My new life is still in chaos and I’m a little bummed right now.
We were supposed to move into our apartment on April 4th, the same day the other people move out and into their new build home. Then there was a delay and the move was postponed to this weekend, April 11th.
Two weeks in an apartment I didn’t know the owner of before I came to Japan. Though we have a room to ourselves it’s a crammed tiny little space that holds a large bed and as of right now six packed suitcases with clothes and stuff all over every inch of them. Yesterday and today I especially felt trapped as it was raining all the time and I couldn’t get much walking in like I did the days before.
Today I thought “a few more days” and felt like I could barely make it. Then my hsuband comes home from work and tells me that there is a hold-up and we can’t move this weekend. It’s going to be the weekend after… Maybe it shouldn’t be a big deal but I just feel so down right now and don’t trust the promise of next weekend.
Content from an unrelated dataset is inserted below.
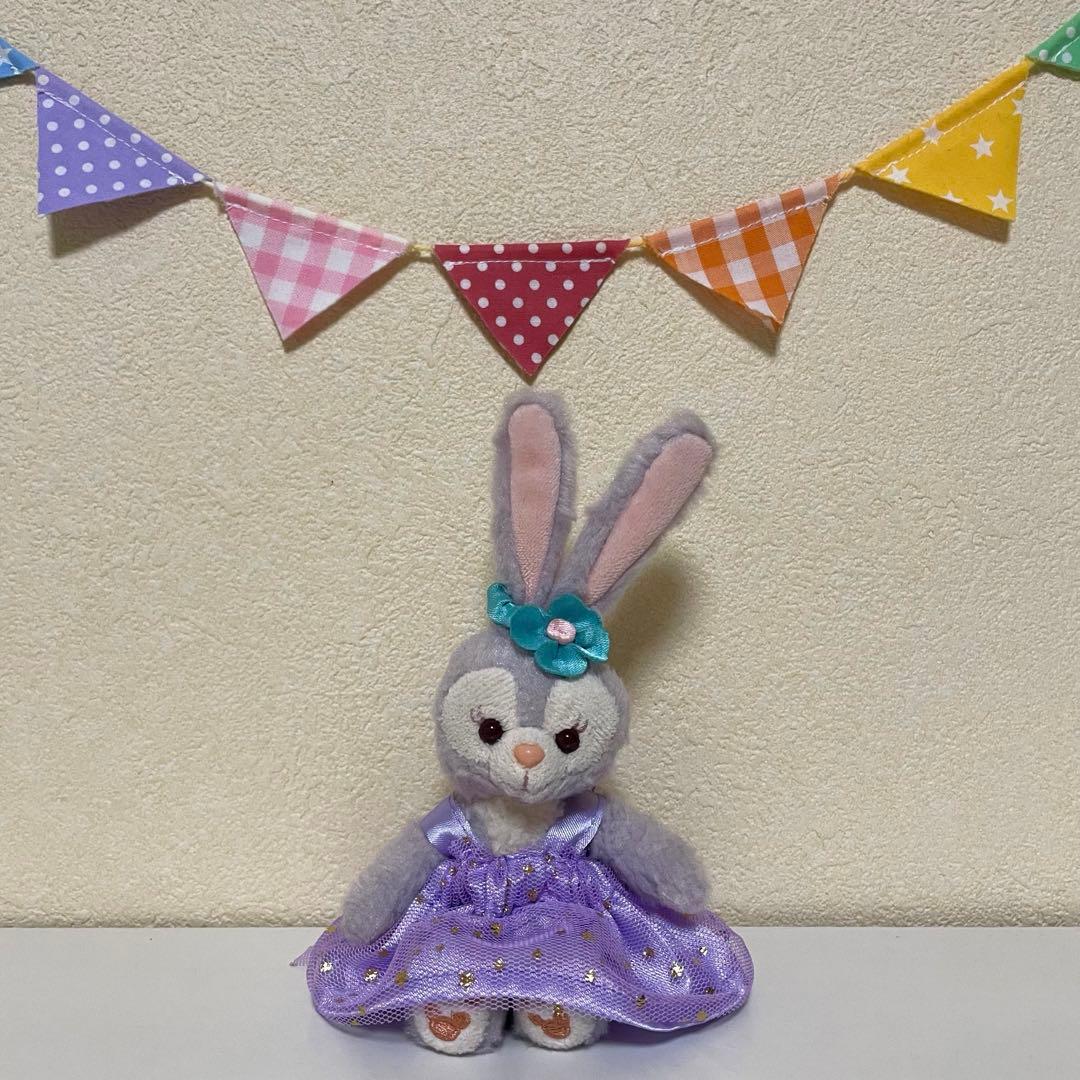 サテンワンピースセット★ステラルー♡シェリーメイぬいぐるみバッジ用コスチューム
The first few weeks in Japan were supposed to bring me some relaxation and time to think about my life and what I want to do. Right now I feel more stressed than ever and like I’m just wasting precious time. I really need that move, I need my own space, where I can breath and be for myself when I come home.
Don’t get me wrong, it’s super nice of the owner that we can stay here in the first place and he himself is also really nice and comforting. It’s just a difference if you are in someone elses house or in your own. But as I cannot do anything about it I’ll just have to sit it out and start my japanese life a little belated.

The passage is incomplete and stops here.